Funneling the nearly 2 million WWE fans per week into the Peacock series uses one of the most time-honored stunts in the TV playbook.

The notion of a TV schedule where viewers are compelled to make an appointment to watch shows has almost become an anachronism in the age of streaming video on demand. But pulling an audience from one time period to the next remains the most efficient way to drive millions of viewers into sampling a new program, especially following live events or reality competition shows that are best enjoyed by watching in real time.

“The concept of a show-to-show audience flow is real,” said Frances Berwick, chairman of NBCUniversal Entertainment. “There is still a tremendous amount of value in it.”

NBCUniversal has been aggressive in using its linear channels to boost Peacock shows. “Bupkis,” the comedy series with Pete Davidson, has gotten several runs after “Saturday Night Live,” the show that made him a star. Episodes of Kevin Hart’s Peacock talk show “Hart to Heart,” have show up on the celebrity-focused cable network E!

Bravo aired the first season of the Peacock reality competition “Traitors” ahead of the streaming debut of its second batch.

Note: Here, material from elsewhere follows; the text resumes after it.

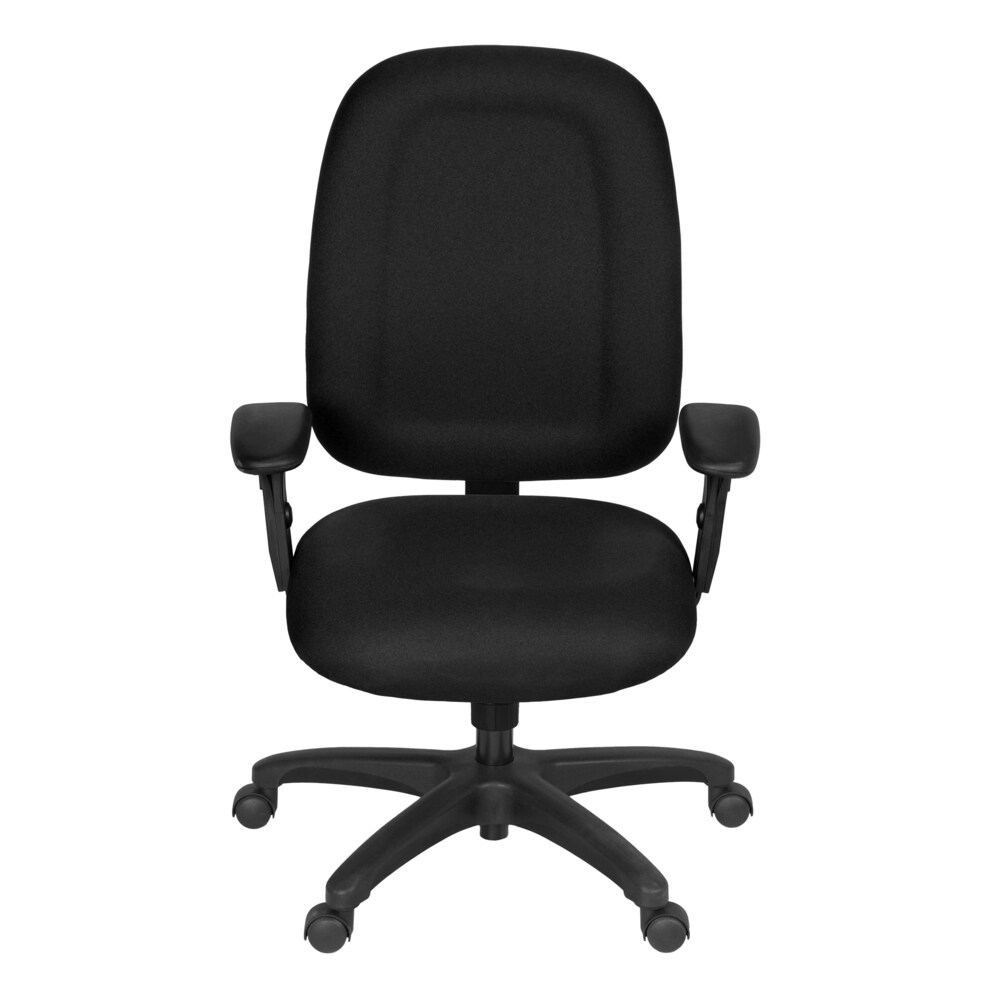 Regency 125-BK Office-Chairs - View #4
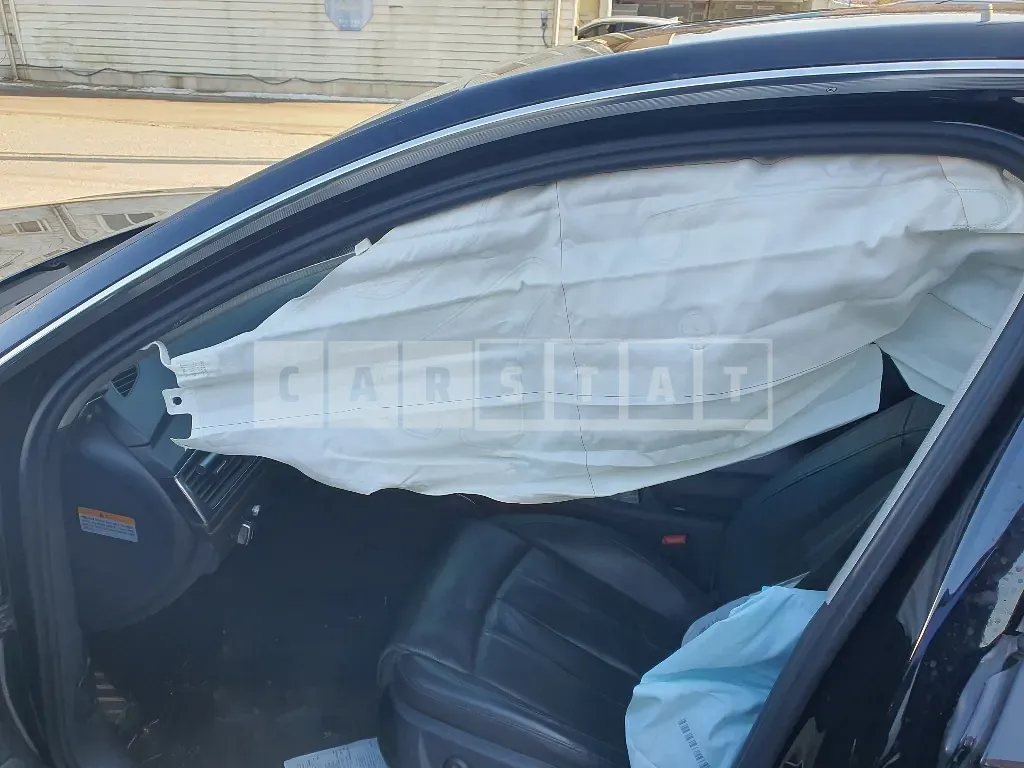 Photo 2 of 37: 2014 Audi A6 3.0 TDI quattro — Korean insurance auction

It was an easy fit, Berwick noted, as several of the players on the program come from the Bravo slate of reality shows such as “Below Deck.”

“We’ll do it where it makes sense and we have the right content,” Berwick said.

Most streaming shows making it to linear TV are staying under the same corporate umbrella. But it may be only a matter of time before networks regularly provide a second window for original shows created for platforms that they do not own. It’s already happening.

Fox recently cut a deal with Amazon’s Prime Video to get a broadcast run of the game show “The 1% Club” a week after episodes make their streaming debut. The CW is currently airing the Canadian sitcom “Children Ruin Everything,” which was created for the Roku Channel.

Similar deals and experiments are probably ahead in the effort to get programs in front of enough viewers to build them into profitable assets.

“We’re going to see a lot of creativity,” Berwick said. “Good content is good content.”